» **ACTION ITEM**
When you reach the line that holds "Believe Santa Cheetah", start copying exactly and keep going through the final line of the data, leaving out pictures.

Dataset excerpts
=====

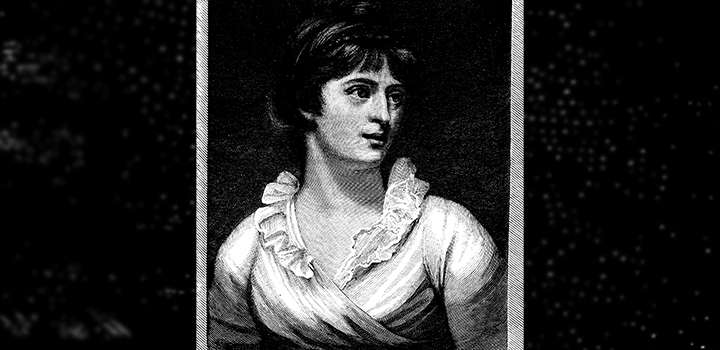 A black and white engraving of a woman.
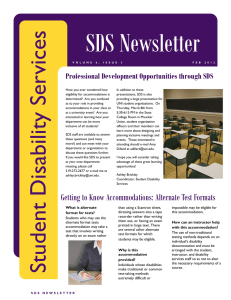 SDS Newsletter  vices Professional Development Opportunities through SDS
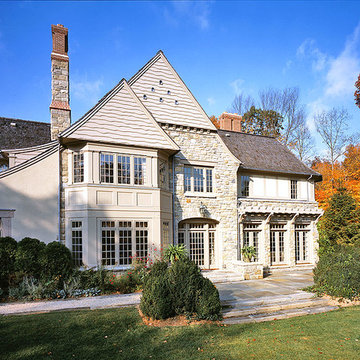 Stone & Shingle Pre-war Style Tudor, Greenwich, CT: Rear Entry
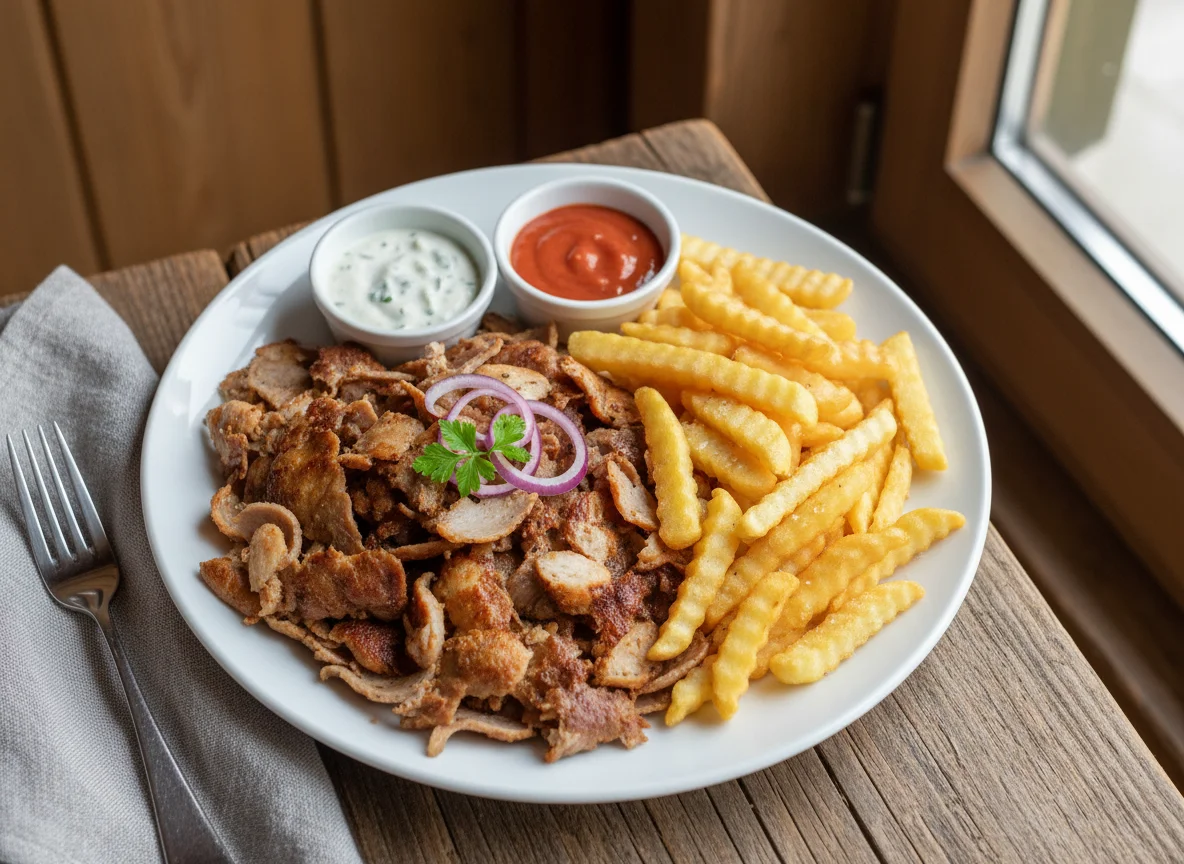 Döner Teller mit Pommes und Saucen photo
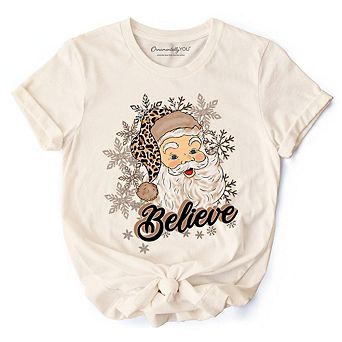 Believe Santa Cheetah Leopard T‑Shirt, Retro Christmas Tee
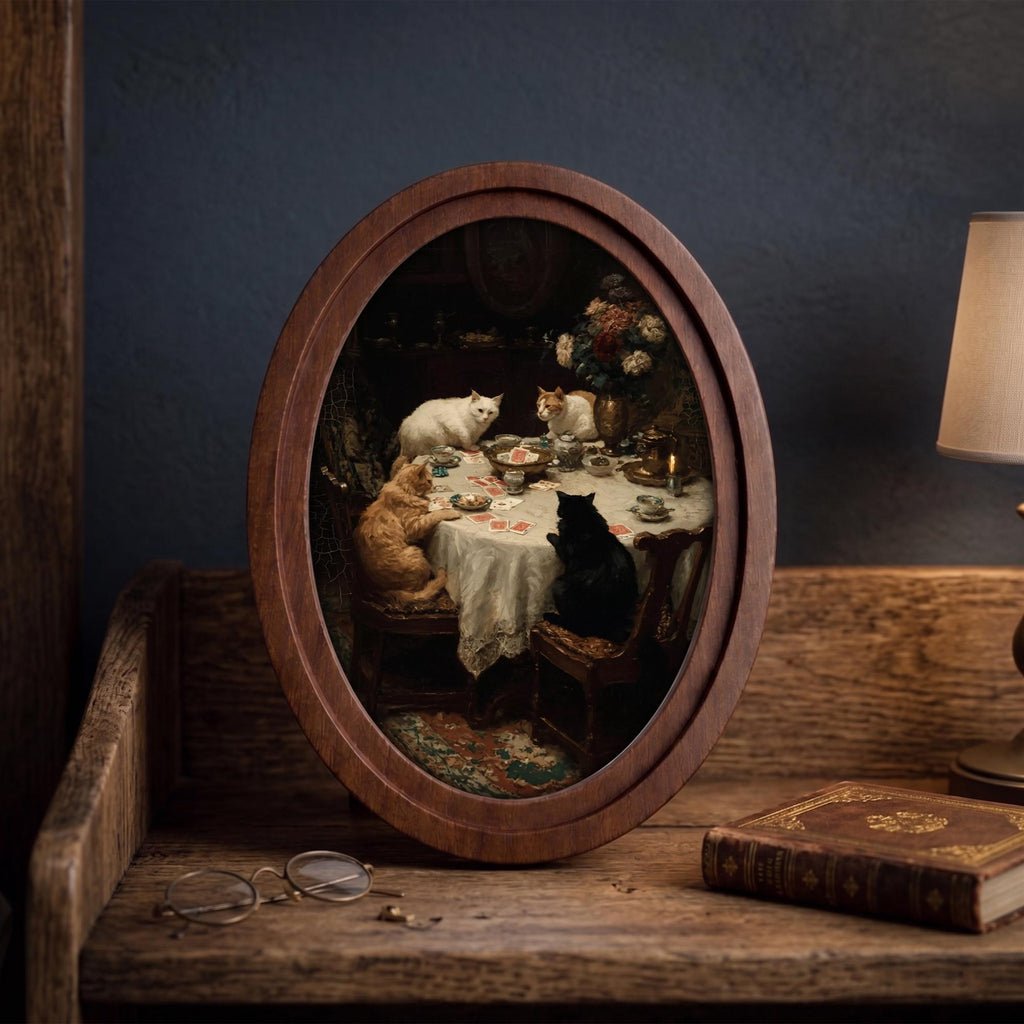 Victorian Cats Playing Cards 3D Wood Wall Art - Framed Layered Plywood Canvas Decor - Unique Pet Lover Gift - 7x9 9x11 11x14 14x18 Inches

=====

» **SOLUTION**
 Believe Santa Cheetah Leopard T‑Shirt, Retro Christmas Tee
 Victorian Cats Playing Cards 3D Wood Wall Art - Framed Layered Plywood Canvas Decor - Unique Pet Lover Gift - 7x9 9x11 11x14 14x18 Inches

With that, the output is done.